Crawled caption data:
--*--

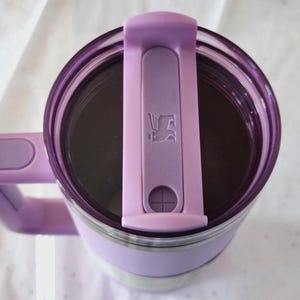 Puede incluir: Un termo de viaje aislado de color lavanda con asa y tapa a juego. La tapa tiene un cierre abatible con un logotipo. El termo tiene un interior de acero inoxidable y una banda blanca en el medio.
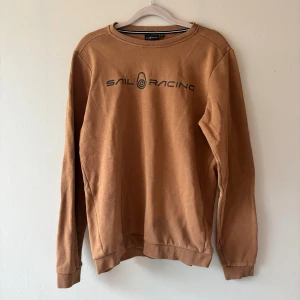 Sail Racing sweatshirt i bomull - Säljer en brun sweatshirt från Sail Racing med svart logga framtill. Nypris 599kr, fint skick! Storlek 170.
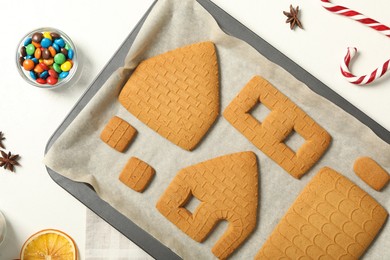 Photo of Parts of gingerbread house and ingredients on white table, flat lay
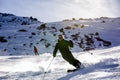 Happy young man enjoying winter vacations in mountains, Val Thorens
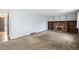 Open living room with a fireplace and bookshelves, providing a versatile living space at 4653 Kirkwood St, Boulder, CO 80301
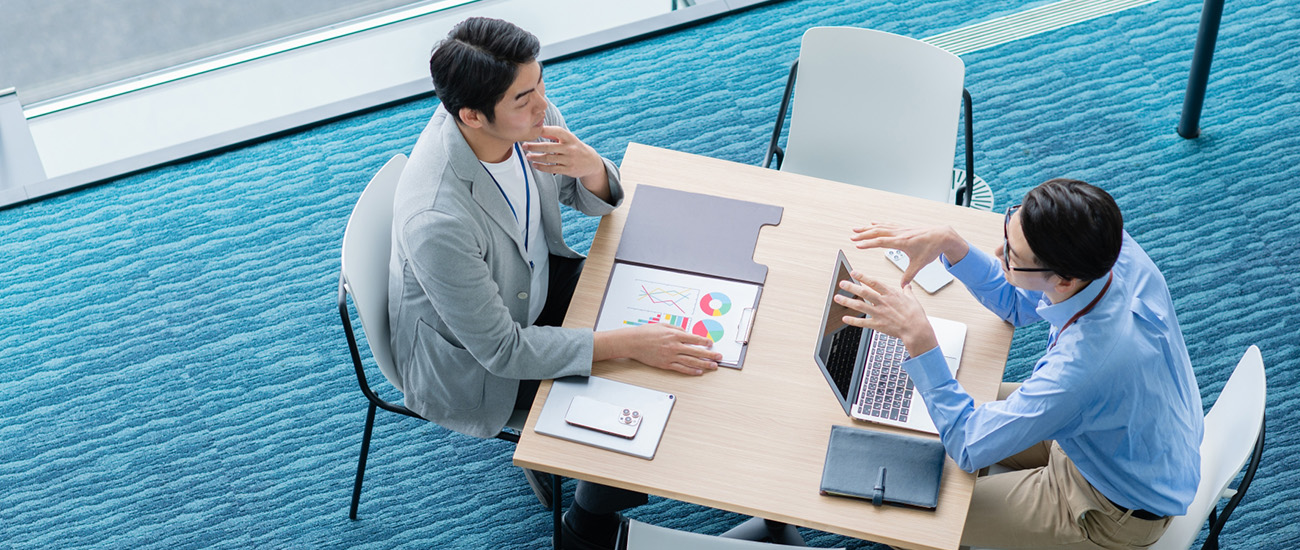 テーブルに資料やタブレットを広げ、会話している二人の男性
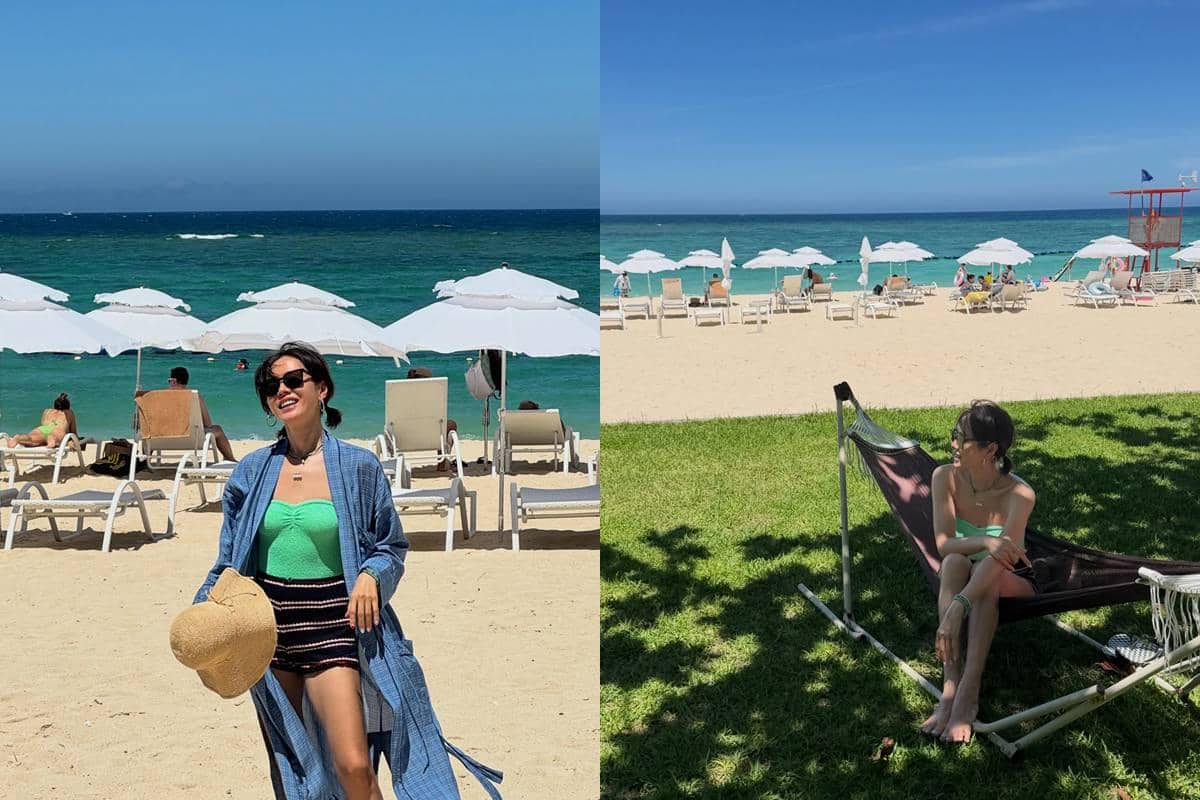 Seorang perempuan menikmati liburan di pantai berpasir putih dengan laut biru, duduk di hammock dan berjalan di bawah payung pantai putih.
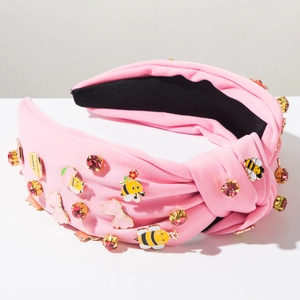 Nahaufnahme von rosa geknotetem Haarreif mit Emaille-Bienen und funkelnden Strasssteinen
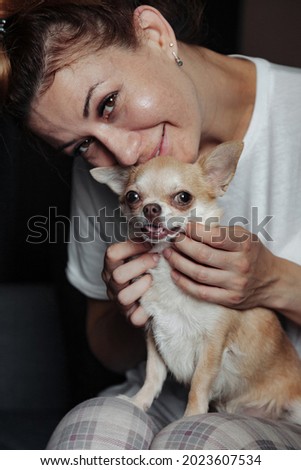 Pretty mature woman with Chihuahua dog on dark sofa in home living room. Middle aged female and her doggy Chihuahua. Concept pet love and family friend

--*--

The line containing "Sail Racing sweatshirt" marks the end: copy exactly every line from the start of the records up to and including it, leaving out the pictures.

 Puede incluir: Un termo de viaje aislado de color lavanda con asa y tapa a juego. La tapa tiene un cierre abatible con un logotipo. El termo tiene un interior de acero inoxidable y una banda blanca en el medio.
 Sail Racing sweatshirt i bomull - Säljer en brun sweatshirt från Sail Racing med svart logga framtill. Nypris 599kr, fint skick! Storlek 170.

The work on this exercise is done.